Source: Public Information Office

Huntington Station Hood Gets Sixteen Years

U.S. District Judge Sandra J. Feuerstein sentenced former Huntington Station resident Edwin Morejon, 22, and co-defendant Angel Cordero Jr., 29, of Deer Park to 16 years in prison after the pair pleaded guilty to charges of gang-related conspiracy to commit assaults with dangerous weapons; attempted assault with a dangerous weapon; and illegal possession of a firearm in connection with a crime of violence.

Law enforcement sources close to the case related that, under Cordero’s leadership in 2009 and early 2010, members of Huntington’s Latin Kings shot four people they believed were rival gang members.  The FBI’s Long Island Gang Task Force, with assistance from Suffolk County Police detectives, was able to collect enough evidence to convict the pair after a two-year investigation. Stemming from a March 25, 2010 coordinated law enforcement operation, the FBI Long Island Gang Task Force and Suffolk County Police Department Special Operations Team arrested eight suspected Latin King gang members in Huntington Station and Deer Park on various federal charges. All eight of the subjects were taken into custody without incident and appeared in the Eastern District of New York Federal Court later that day.

According to information released by US Attorney Loretta Lynch, Cordero “participated in multiple attempted shootings” in Huntington Station.  Among them was the September 1, 2009, shooting near Jack Abrams Intermediate School. The incident ultimately led to the school’s closing– a decision that caused considerable controversy within the Huntington School District #3 School Board, initiating discord among parents and civic groups.

Attorney Lynch commented that in his attempts “to own the streets of Huntington Station, Cordero turned those streets into a shooting gallery, unleashing gunfire throughout the community, including near a school.”
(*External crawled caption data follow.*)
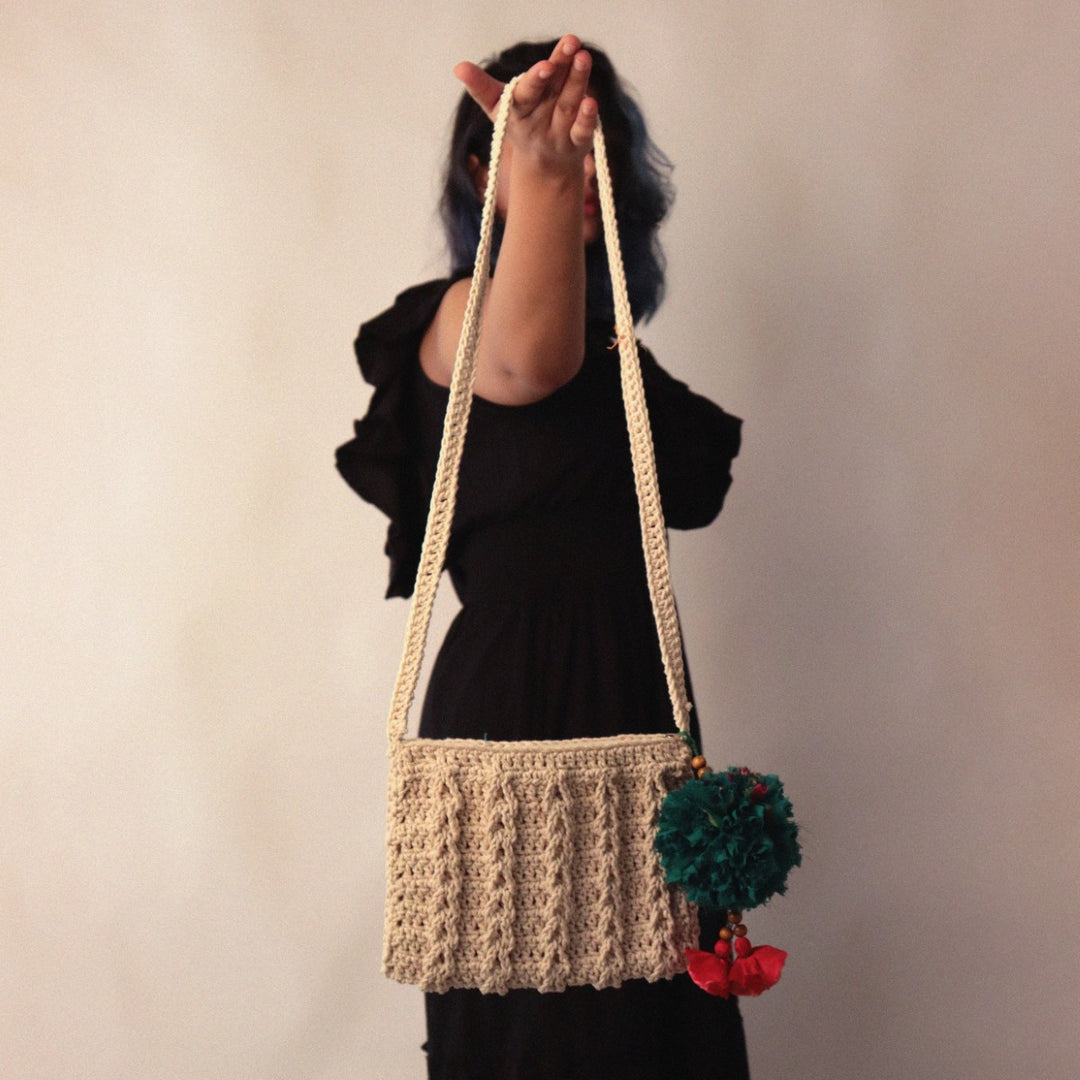 Hand-Crafted Carry-All Mini Sling Bag | Hand-Crochet | Cotton Yarn | Off White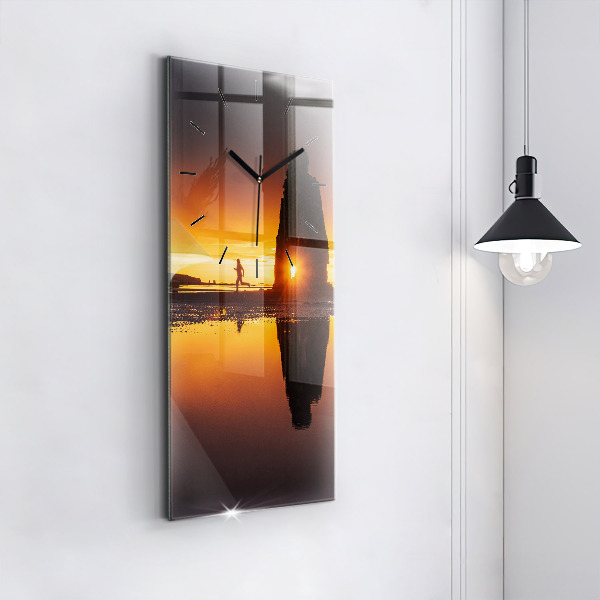 Vertical wall clock Runner and sunset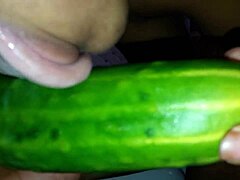 Mel explores masturbation with a cucumber as young ebony uses toys solo.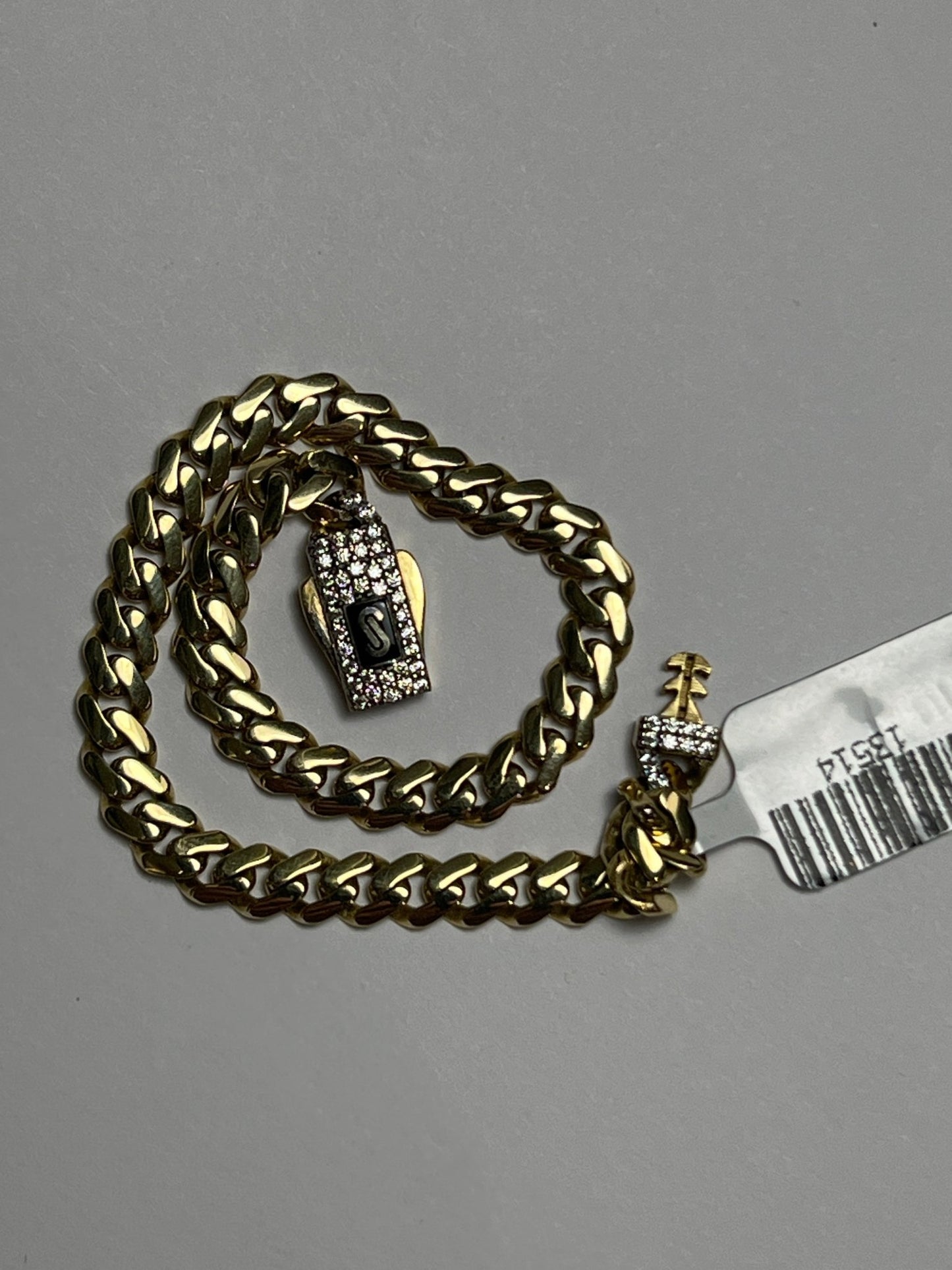 14k gold Cuban link chain necklace Gold cross pendant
A STEM Magnet School Being Considered at Jack Abrams School Building

Huntington School District officials are continuing their investigation into creating a science, technology, engineering and math (STEM) magnet school at Jack Abrams School. Since administrators and trustees discussed the idea earlier this month at a public meeting of the Huntington School Board, the community has been buzzing about the concept.

If the district decides to move forward with the initiative, it would eventually establish “a rigorous, engaging and inquiry-based program,” Superintendent James W. Polansky said. The school would most likely be populated with students on several primary/intermediate grade levels.

But, just what is a magnet school? It is a public school that exists within a district without the usual attendance zone boundaries. Students enrolled in any of the district’s elementary buildings who are in one of the grades that will be educated in the magnet school would be eligible to attend the new program.

Magnet schools were first created more than 40 years ago and have been popular educational choices in urban areas. They typically offer some sort of specialized instruction or academic program. Magnet schools offer open enrollment geographically, regardless of attendance zones.

The Huntington School District is looking into the academic program that might be offered at its STEM magnet school, how much it would cost to establish and operate and what grants are available to underwrite such an initiative.